*What to work on*. Copy exactly, no pictures: every line from the one that contains "Fabiola. Chaqueta bordada" through the end of the entries below.

*Supplied material*.
Start of Block
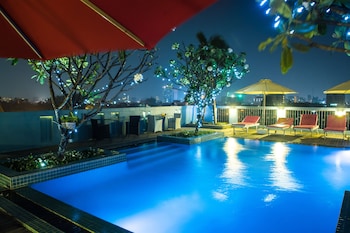 frangipani royal palace hotel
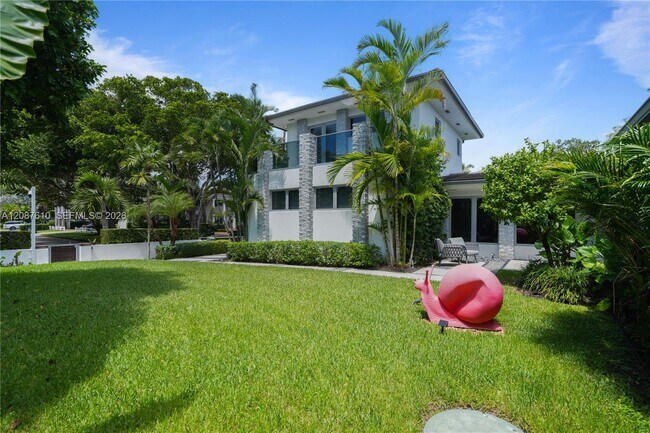 Building Photo - 9301 N Bayshore Dr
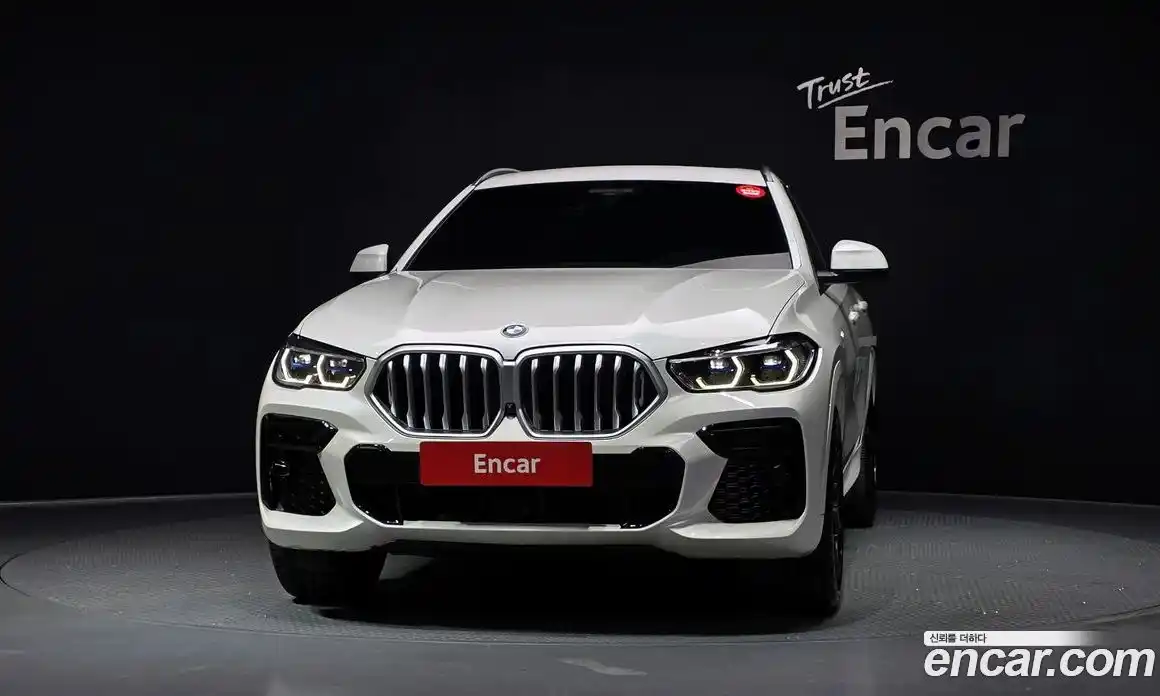 BMW X6 2022 3.0 автомат (гидро), фото 3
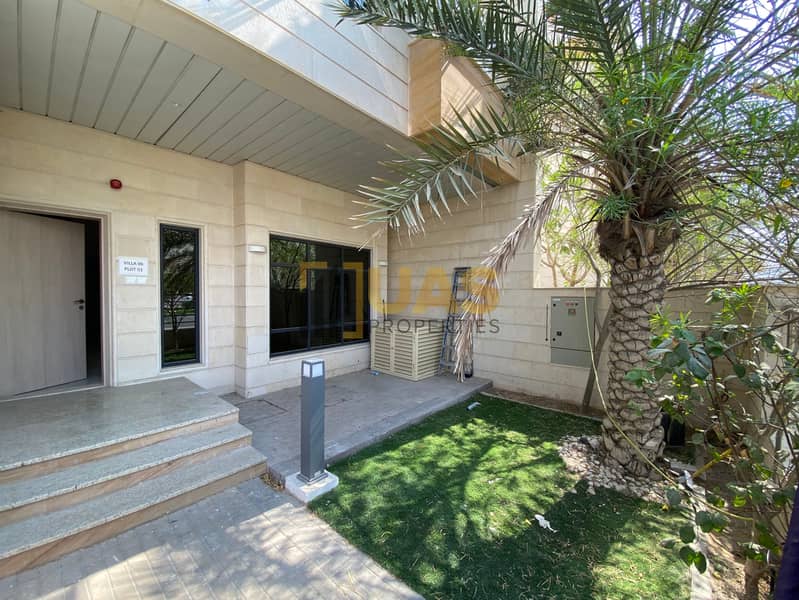 Huge Layout | Maidroom | Prime Location | Exquisite Finishing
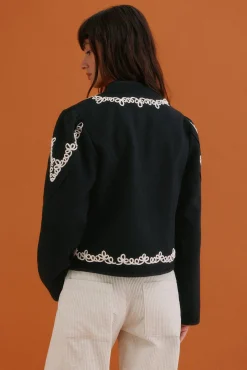 Fabiola. Chaqueta bordada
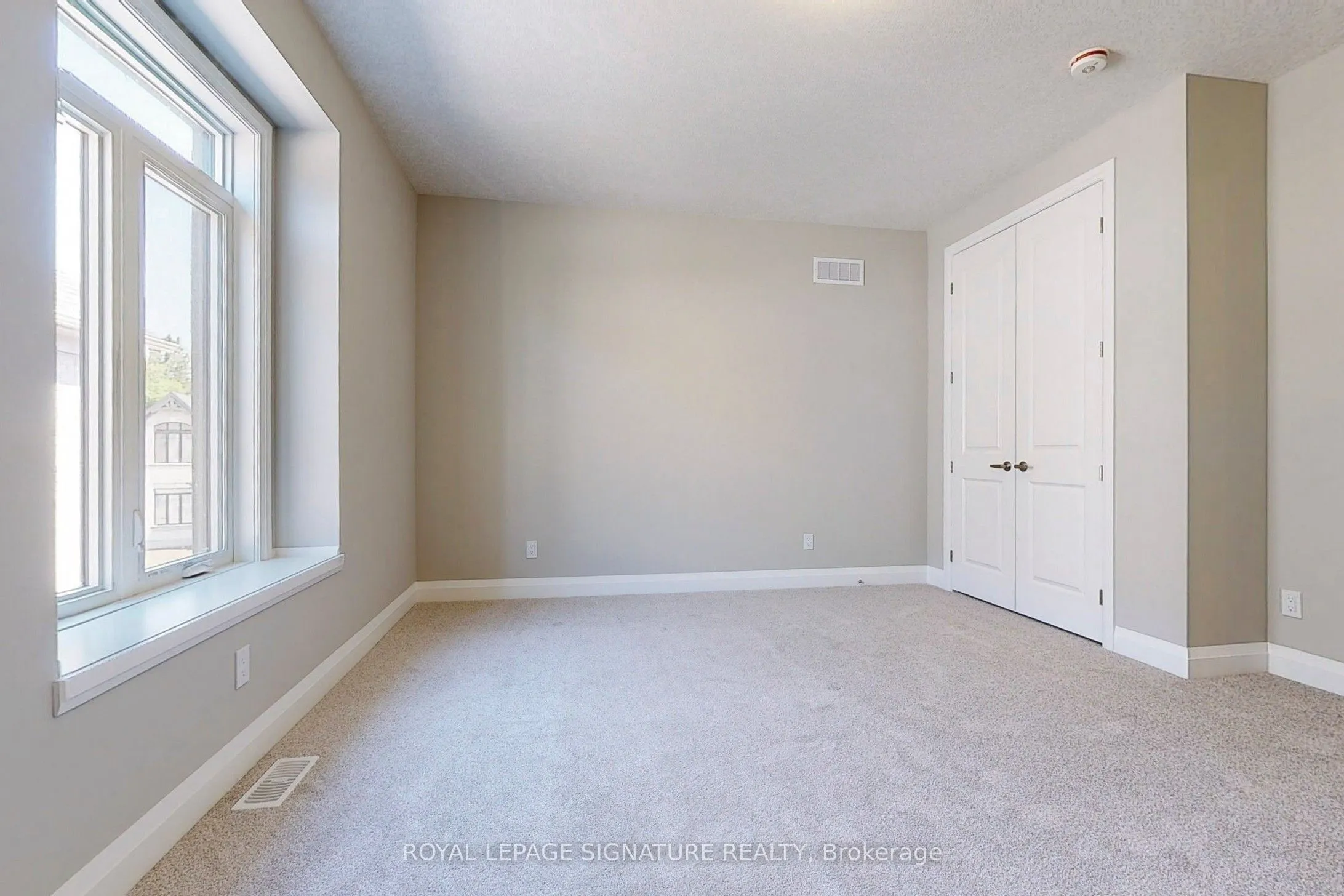 24 Hollybrook Trail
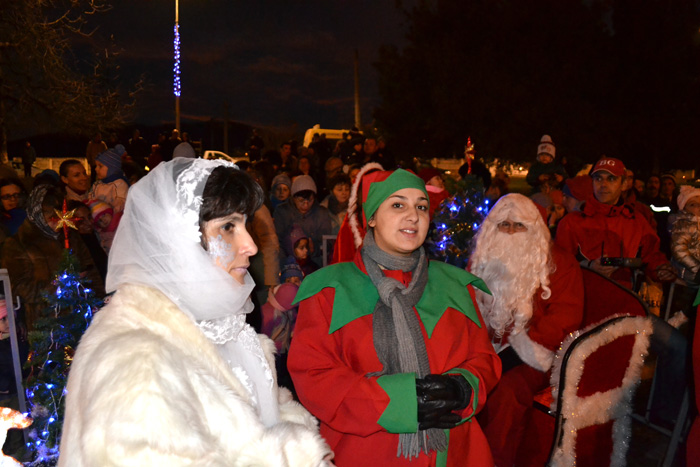 Mosul la Poiana 7 Moş Crăciun s a aflat, aseară, printre copiii de la Poiana Câmpina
End of Block
*Exercise solution*.
 Fabiola. Chaqueta bordada
 24 Hollybrook Trail
 Mosul la Poiana 7 Moş Crăciun s a aflat, aseară, printre copiii de la Poiana Câmpina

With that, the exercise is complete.